Multi-National Division-Baghdad, which has run the security operation in the capital since it began on February 14, has increased pressure on districts to the northwest of the city to cut supply and reinforcement lines from Ramadi, the capital of Anbar province in western Iraq, to the Baqouba region.

“We’re focusing up in the northwest to apply force in an area that’s been important to Al Qaeda and its associates as they move between Ramadi and Baqouba. That work together with the developing efforts to provide local security through the [Sunni] tribes in Abu Ghraib and Amariyah is putting pressure on Al Qaeda,” said Lt. Col. Scott Bleichwehl, division spokesman.

The US military said its Baghdad force had uncovered six Iranian-made rockets Sunday in a school yard that was suspected of being a launching site against the heavily fortified Green Zone in the capital.

Some Sunni tribes, who had fought with or offered sanctuary to Al Qaeda in Anbar province, have risen up against the group and are now receiving arms and training from US forces. American military officials are trying to spread that success to Al Qaeda areas now under attack.

Prime Minister Nouri  Maliki, however, told visiting Defence Minister William Gates last week that the United States should stop arming Sunnis who may have been part of the insurgency, according to officials in his office, who spoke on condition of anonymity because they were not authorised to release the information. Maliki repeated that challenge in a television interview in Baghdad on Monday.

The fighting in Amarah, the US military said in a statement, was a targeted operation against what the coalition said were members of a “secret cell” that imported deadly armour-piercing weapons made in Iran known as “explosively formed penetrators”, or EFPs. The cells were also were suspected of bringing fighters from Iraq to Iran for terror training.
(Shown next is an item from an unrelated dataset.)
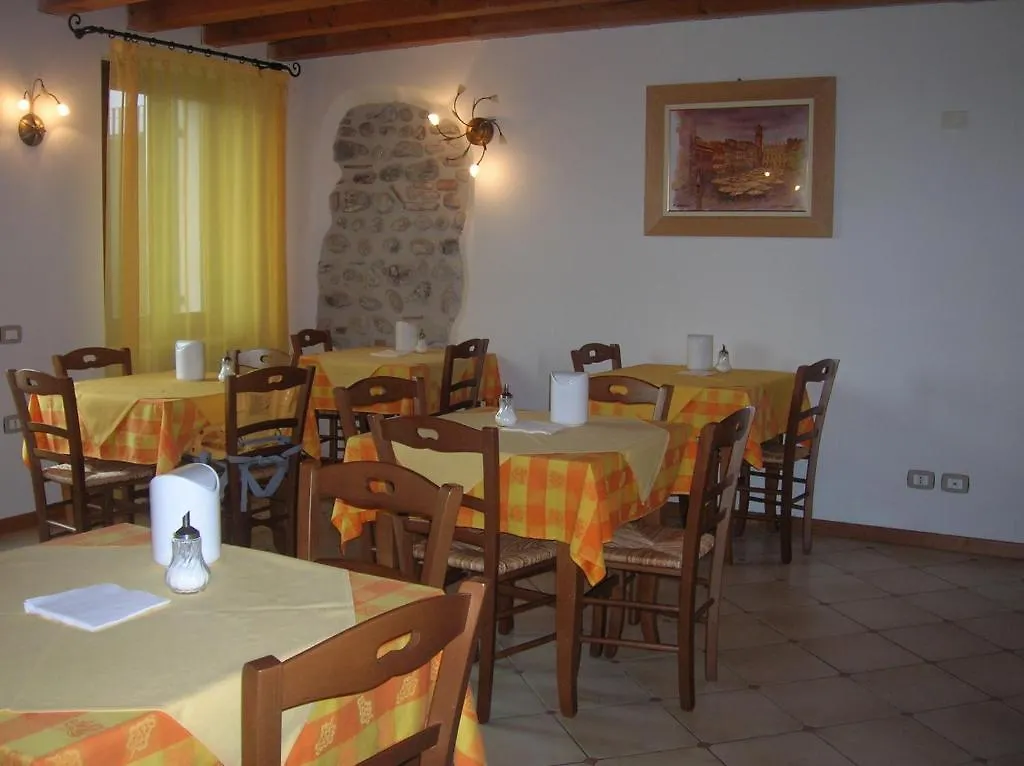 Country house Agriturismo Colombarola Sona Italy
A doctor at Amarah’s general hospital said 36 bodies had been taken to his facility, though he could not determine how many were militiamen and how many were civilians. He spoke on condition of anonymity because he was not authorised to talk to media.

More than 100 people were injured in the fighting, and at least three of those killed were Iraqi policemen, police and hospital officials said.

Coalition forces came under small arms fire and rocket-propelled grenade attacks during the raids, and called in air support, the US military statement said.

The suspects were killed by fire from aircraft, it said, without disclosing whether the forces were American or British.

Iraqi police said the Mehdi Army, the militia commanded by radical Shiite cleric Moqtada Sadr, was involved in the clashes, which lasted for about two hours before dawn.

Amarah is the provincial capital of Maysan province, a predominantly Shiite region that borders Iran. Iraqi forces took over control of security from British troops there in April.

The city has seen intense militia fighting, most recently in October 2006, when the Mehdi Army briefly took control of the city and fought prolonged gunbattles with local police. At the time, Amarah’s police force was believed to be dominated by a rival militia, the Badr Brigades. More than 30 people were killed in the standoff.